### What needs to be done
Repeat, word for word, every line from the line holding "Lake with spa" through the final line of the entries below. Skip all pictures.

### Input data
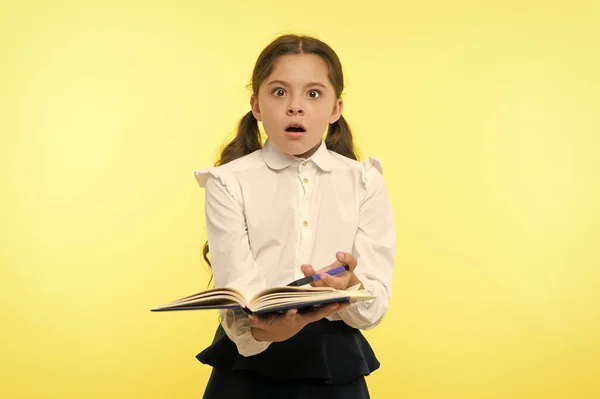 Girl cute schoolgirl in uniform hold book with information yellow background. Pupil get information from book. Child wear school uniform prepare for lesson information. Surprised about information — Stock Photo, Image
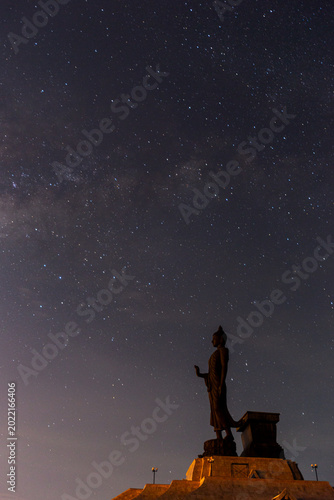 Obraz na płótnie Wide view of a tall standing Buddha monument dramatically silhouetted under a spectacular starry night sky
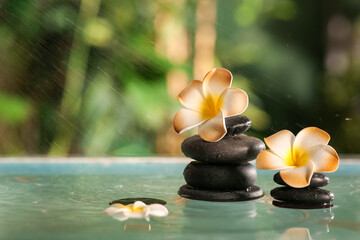 Lake with spa stones and beautiful plumeria flowers in tropical bamboo garden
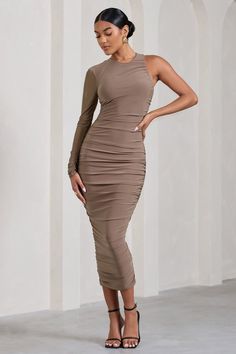 Elevate your wardrobe with our latest midi dress Luciene. This design comes in our signature stretch jersey with a mesh overlay and full body ruching - crafted to make you look and feel your best. Pair this one-sleeved staple with a pair of strappy heels for the ultimate going-out look. Features- Premium stretch jersey and mesh - Fully ruched- Bodycon fit- Sheer sleeve - Invisible zip closure- Split hemline- Midi length Sizing & FitModel is 5'8 and wears UK size 8 / US size 4 Product informationDesigned exclusively by Club L LondonDouble layered with some stretch Premium jersey and mesh in Mocha (95% Polyester, 5% Elastane)140cm total lengthSKU: CL128837038 Black Dress Prom, Black Tie Gala, Party Dress Long Sleeve, Bodycon Midi Dress, Black Sequin Dress, Black Velvet Dress, Mesh Overlay, Invisible Zip, Bodycon Midi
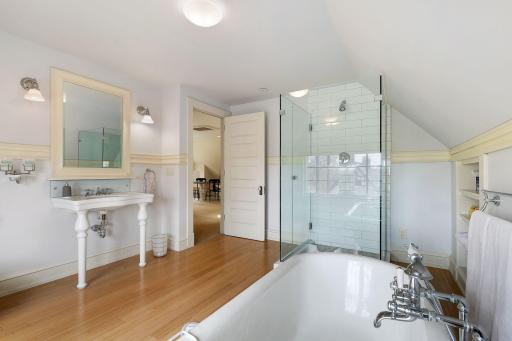 3rd Floor Full Bathroom with Hardwood Floors, Separate Claw-foot Tub, and Walk-in Shower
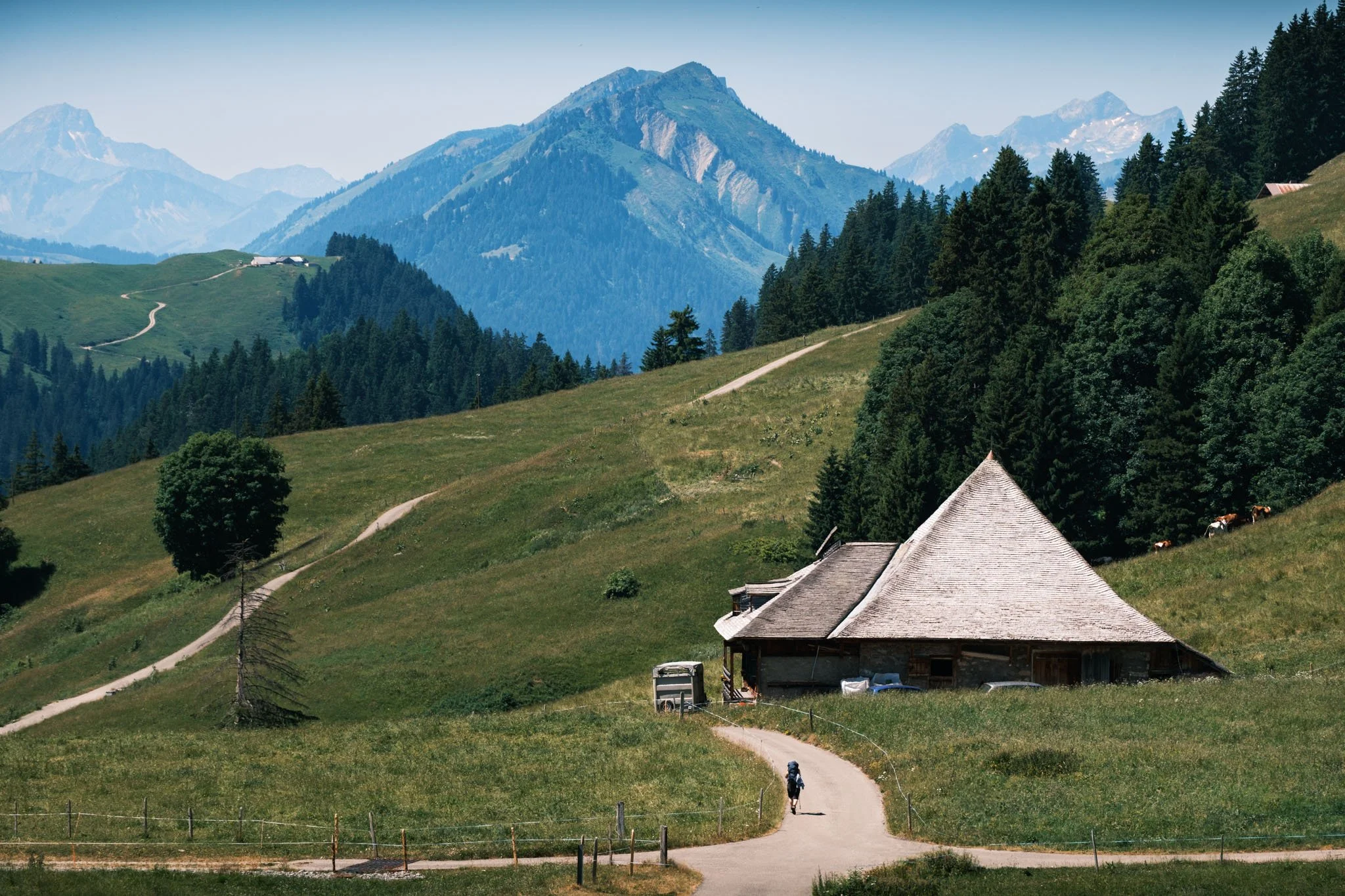 Paysage de montagne avec une maison en bois à toit pyramidal, sentier de terre, personne à vélo, arbres et montagnes en arrière-plan. Reportage outdoor, mise en valeur du territoire et tourisme durable par Guillaume Donsimoni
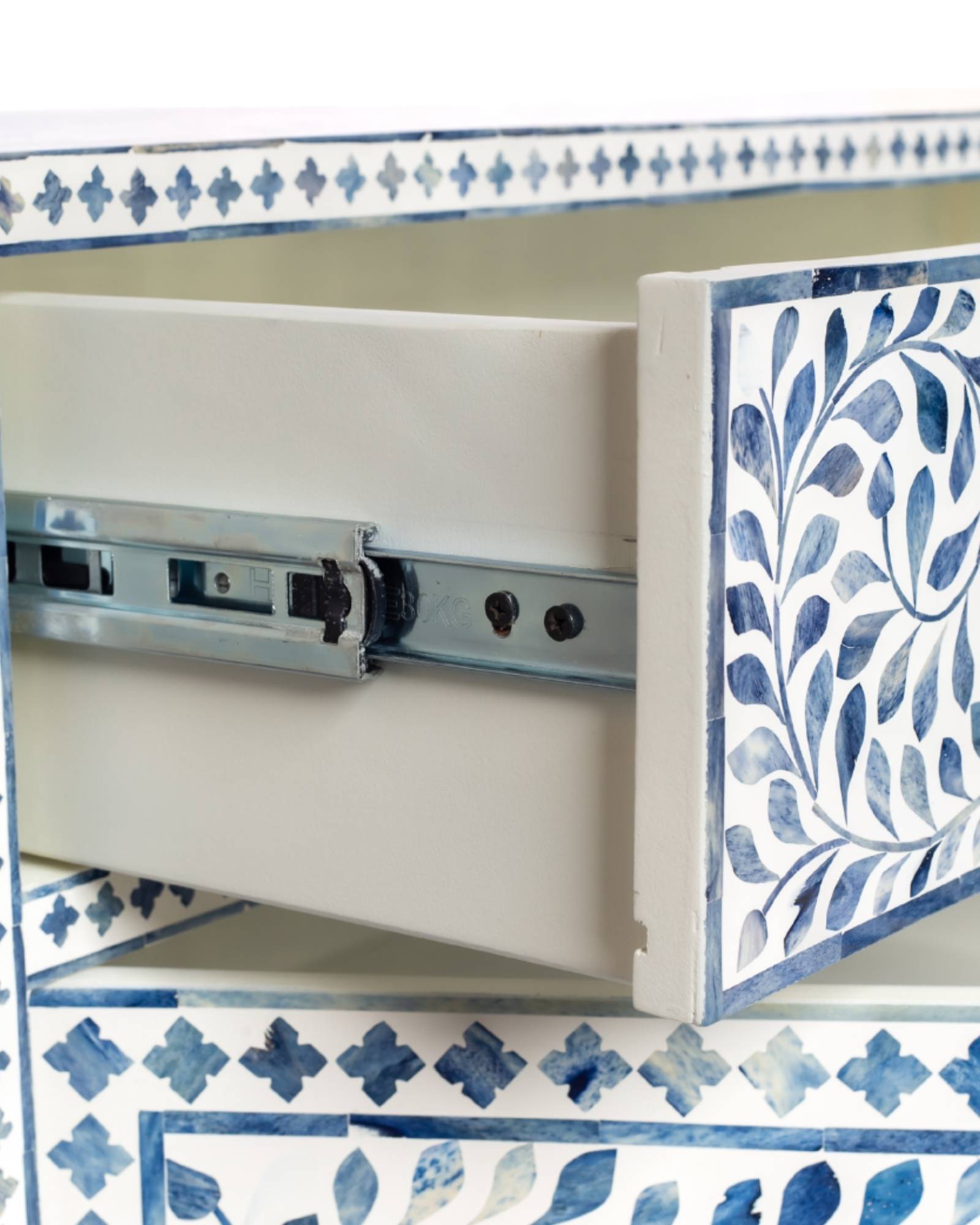 Featuring a beautiful floral sideboard in Dyed Blue Bone Inlay with intricate hand inlaid work. Part of the Jade Collection - this buffet can be used as at an entryway or as a cutlery storage unit.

### Response box
 Lake with spa stones and beautiful plumeria flowers in tropical bamboo garden
 Elevate your wardrobe with our latest midi dress Luciene. This design comes in our signature stretch jersey with a mesh overlay and full body ruching - crafted to make you look and feel your best. Pair this one-sleeved staple with a pair of strappy heels for the ultimate going-out look. Features- Premium stretch jersey and mesh - Fully ruched- Bodycon fit- Sheer sleeve - Invisible zip closure- Split hemline- Midi length Sizing & FitModel is 5'8 and wears UK size 8 / US size 4 Product informationDesigned exclusively by Club L LondonDouble layered with some stretch Premium jersey and mesh in Mocha (95% Polyester, 5% Elastane)140cm total lengthSKU: CL128837038 Black Dress Prom, Black Tie Gala, Party Dress Long Sleeve, Bodycon Midi Dress, Black Sequin Dress, Black Velvet Dress, Mesh Overlay, Invisible Zip, Bodycon Midi
 3rd Floor Full Bathroom with Hardwood Floors, Separate Claw-foot Tub, and Walk-in Shower
 Paysage de montagne avec une maison en bois à toit pyramidal, sentier de terre, personne à vélo, arbres et montagnes en arrière-plan. Reportage outdoor, mise en valeur du territoire et tourisme durable par Guillaume Donsimoni
 Featuring a beautiful floral sideboard in Dyed Blue Bone Inlay with intricate hand inlaid work. Part of the Jade Collection - this buffet can be used as at an entryway or as a cutlery storage unit.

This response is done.